▸ DIRECTIONS FOR THIS TASK: The reply must repeat each entry exactly and contain no pictures.

▸ DATA EXCERPTS:
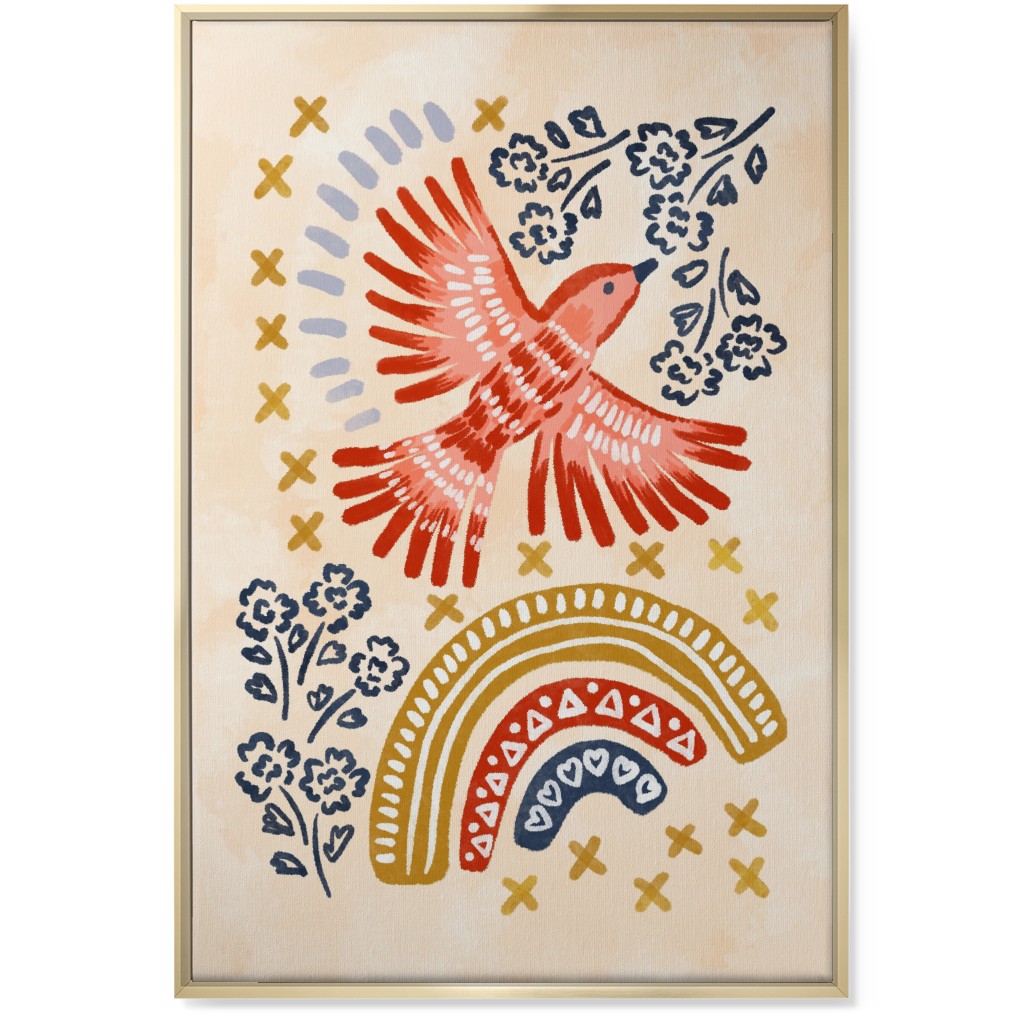 Bird, Rainbow, Flower, Spring Wall Art Wall Art, Gold, Single piece, Canvas, 24x36, Multicolor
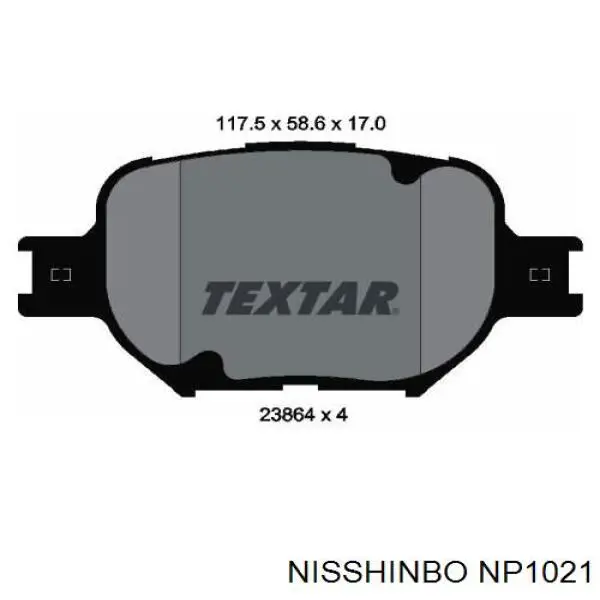 Колодки гальмівні передні, дискові NP1021 Nisshinbo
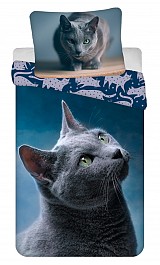 Cat Dark bedding cover 140×200 cm, 70×90 cm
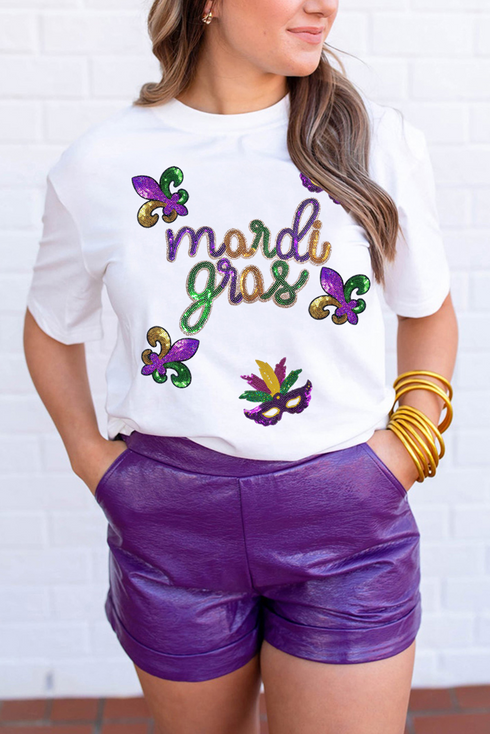 Festive Sequin Script Graphic Short Sleeve Tee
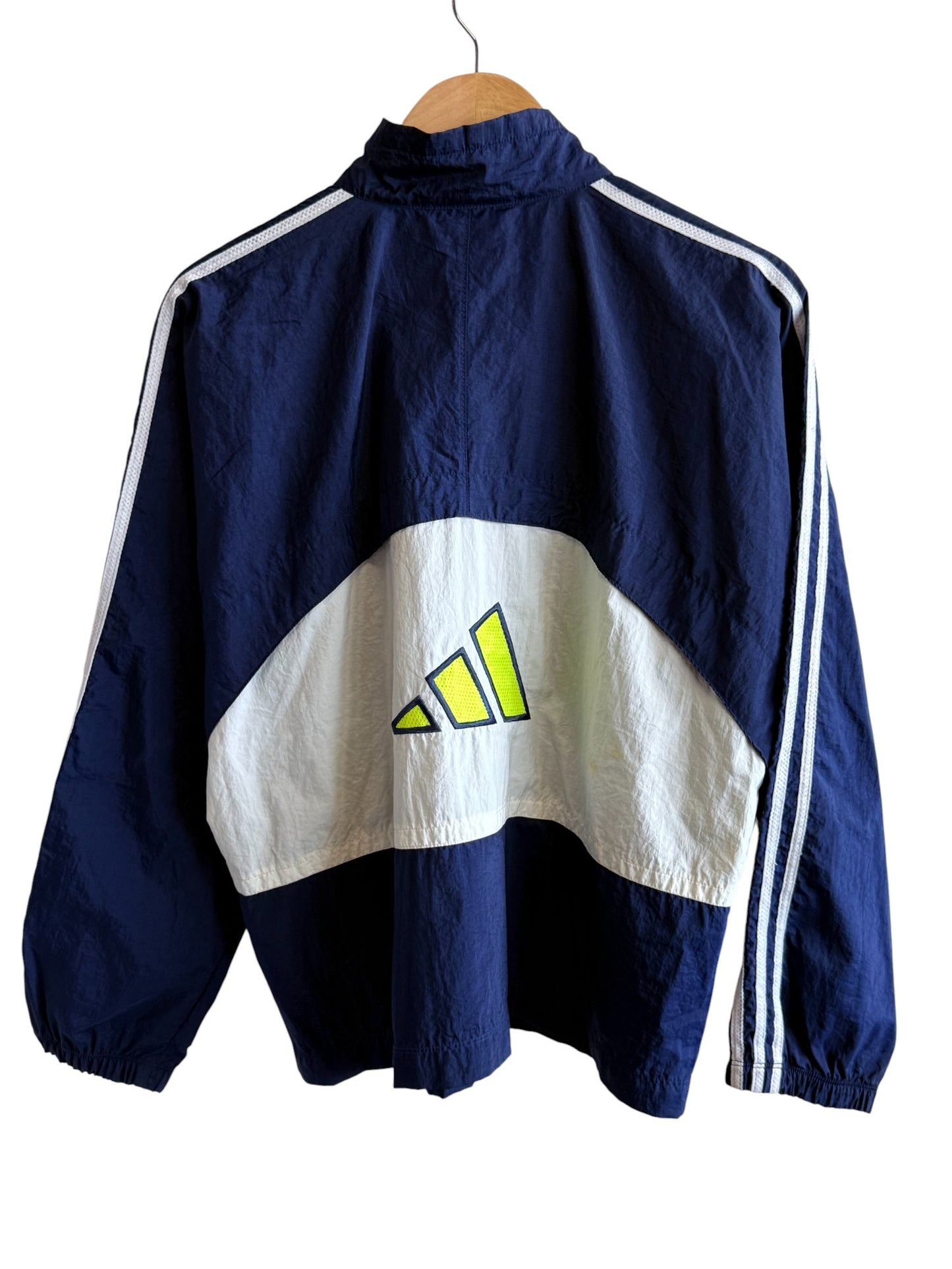 Vintage 90's Adidas Navy Blue Windbreaker Jacket Size Medium
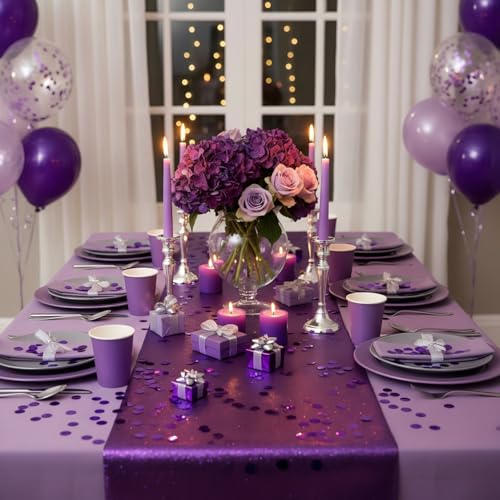 Image of Purple Metallic Foil Confetti(0.59 inch) Round Dots Glitter Table Confetti for Party Wedding Decorations,2.11 OZ per pack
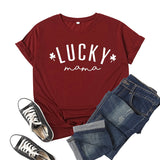 Boy Mama T Shirts Clover Lucky Mama Printed Short Sleeve T-shirt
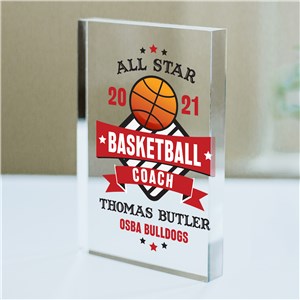 Personalized All Star Acrylic Keepsake | Personalized Coach Gifts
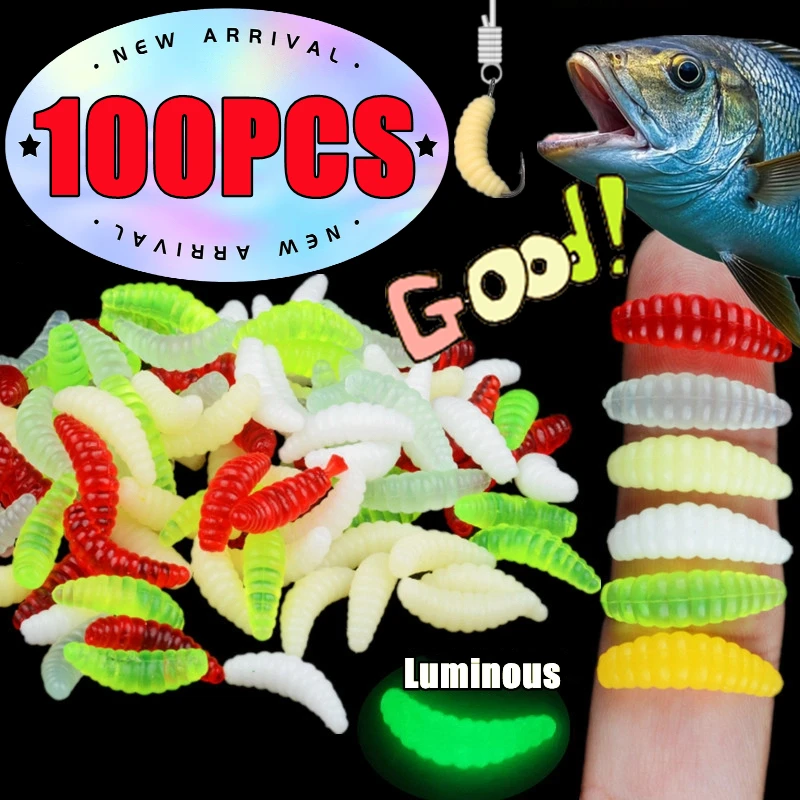 

Wholesale 50/100PCS Maggot Grub Soft Fishing Lure Hooks Smell Woems Glow Shrimps Fish Lures Soft Bait Gelatinous Baits 2cm 0.2G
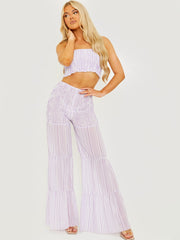 Shirred Striped Top & Tiered Trouser Co-ord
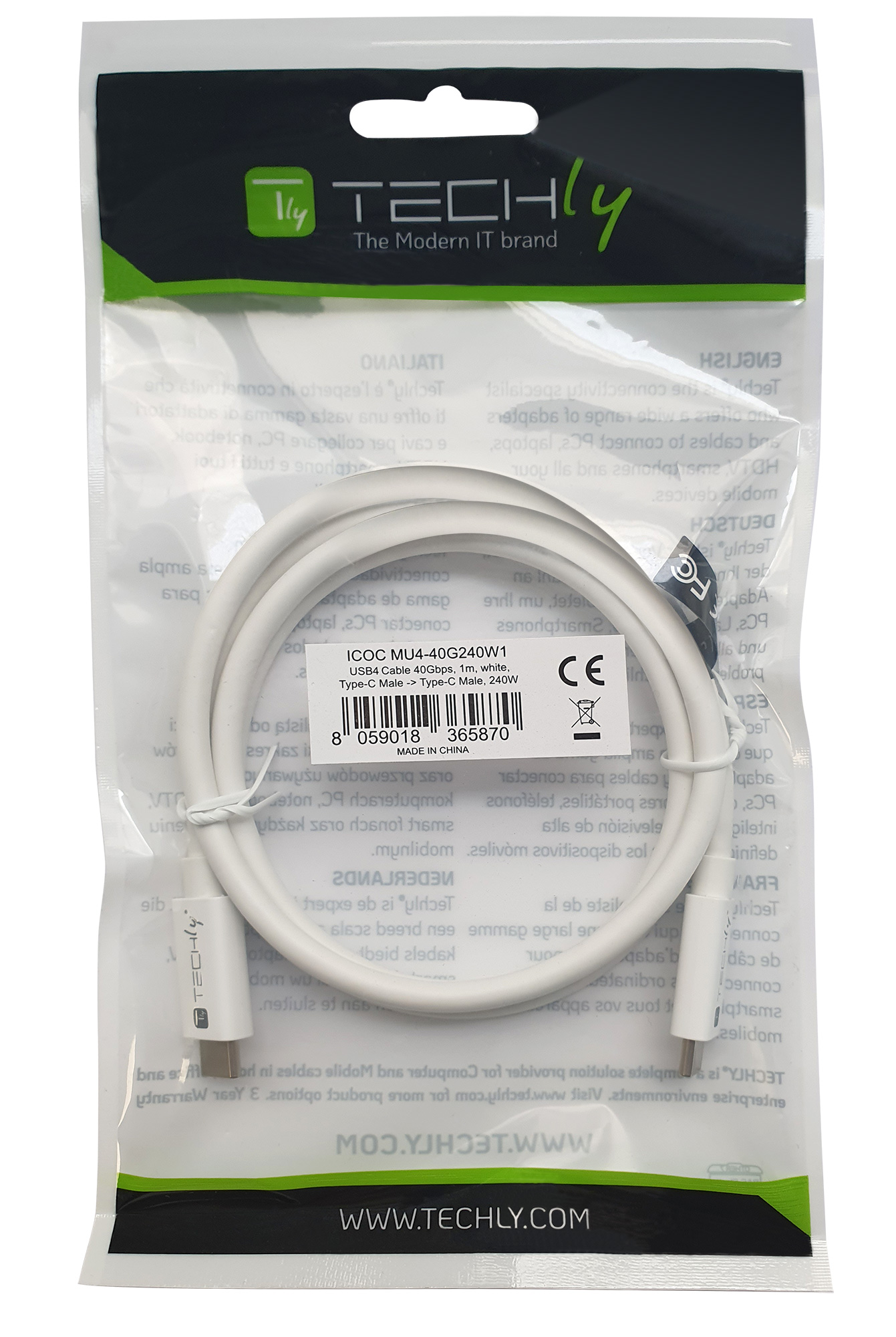 Cavo USB4 Gen3 EPR USB-C™ M/M 40G 240W PD3.1 8K E-Mark Certificato 1m - immagine 2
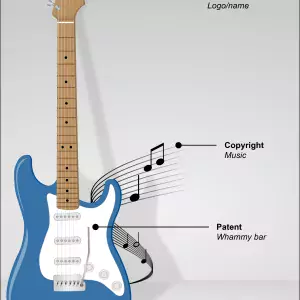 Examples of intellectual property rights contained in a guitar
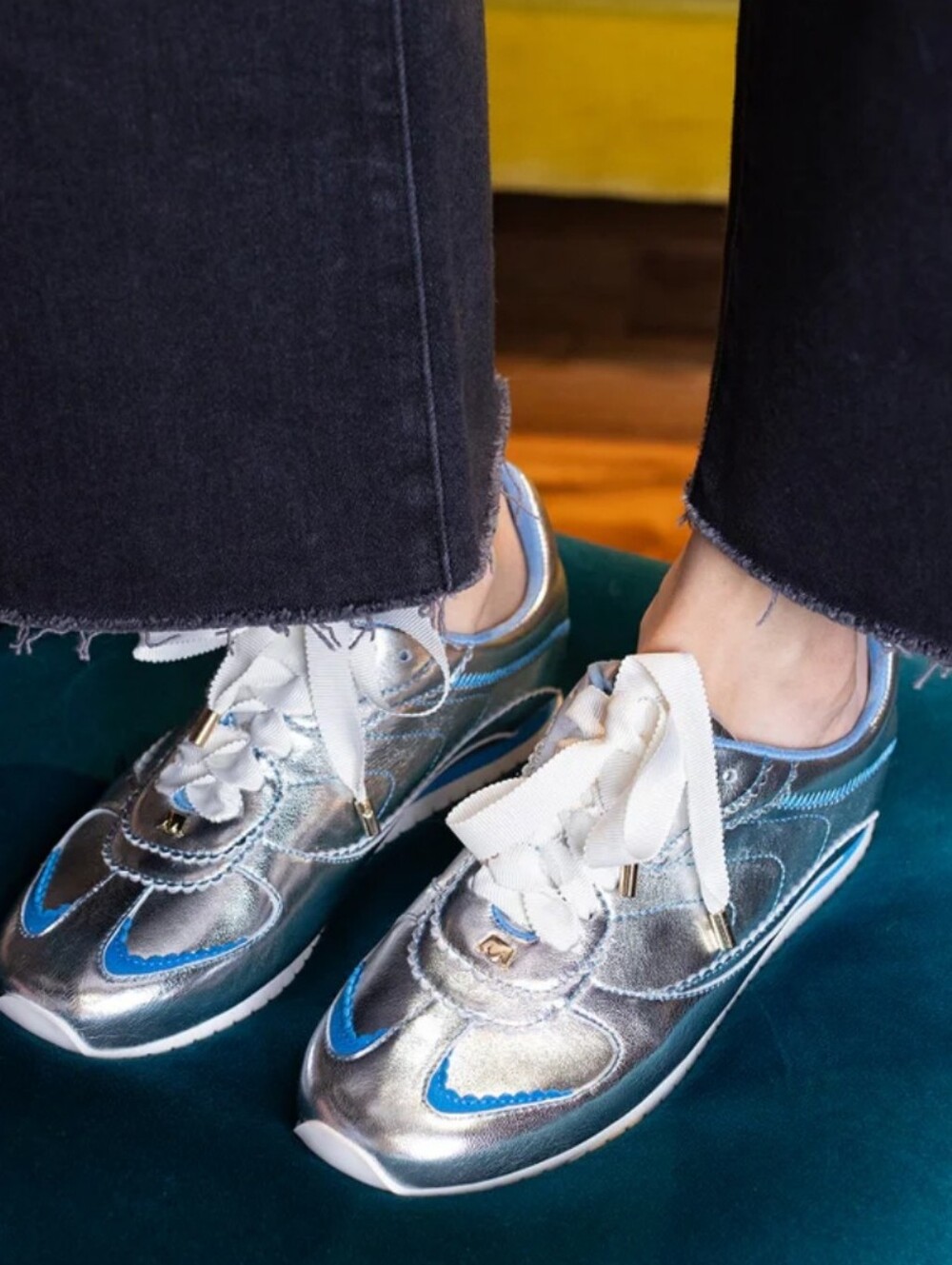 Birdies The Speadbird Metallic Silver & Blue Women's Flat Sneakers 8.5
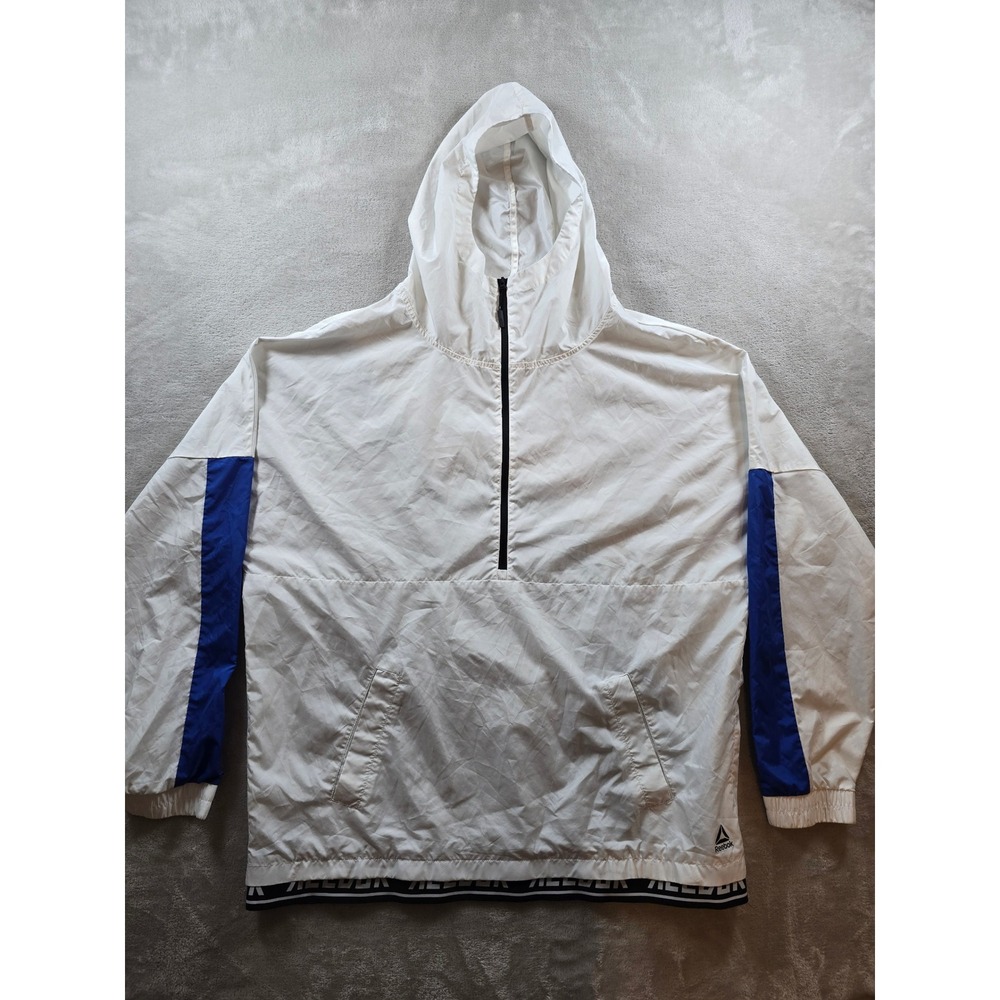 Reebok Jacket Mens L White Blue 1/2 Zip Lightweight Hood Anorak Pockets *Read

▸ OUTPUT OF THE TASK:
 Bird, Rainbow, Flower, Spring Wall Art Wall Art, Gold, Single piece, Canvas, 24x36, Multicolor
 Колодки гальмівні передні, дискові NP1021 Nisshinbo
 Cat Dark bedding cover 140×200 cm, 70×90 cm
 Festive Sequin Script Graphic Short Sleeve Tee
 Vintage 90's Adidas Navy Blue Windbreaker Jacket Size Medium
 Image of Purple Metallic Foil Confetti(0.59 inch) Round Dots Glitter Table Confetti for Party Wedding Decorations,2.11 OZ per pack
 Boy Mama T Shirts Clover Lucky Mama Printed Short Sleeve T-shirt
 Personalized All Star Acrylic Keepsake | Personalized Coach Gifts

Wholesale 50/100PCS Maggot Grub Soft Fishing Lure Hooks Smell Woems Glow Shrimps Fish Lures Soft Bait Gelatinous Baits 2cm 0.2G
 Shirred Striped Top & Tiered Trouser Co-ord
 Cavo USB4 Gen3 EPR USB-C™ M/M 40G 240W PD3.1 8K E-Mark Certificato 1m - immagine 2
 Examples of intellectual property rights contained in a guitar
 Birdies The Speadbird Metallic Silver & Blue Women's Flat Sneakers 8.5
 Reebok Jacket Mens L White Blue 1/2 Zip Lightweight Hood Anorak Pockets *Read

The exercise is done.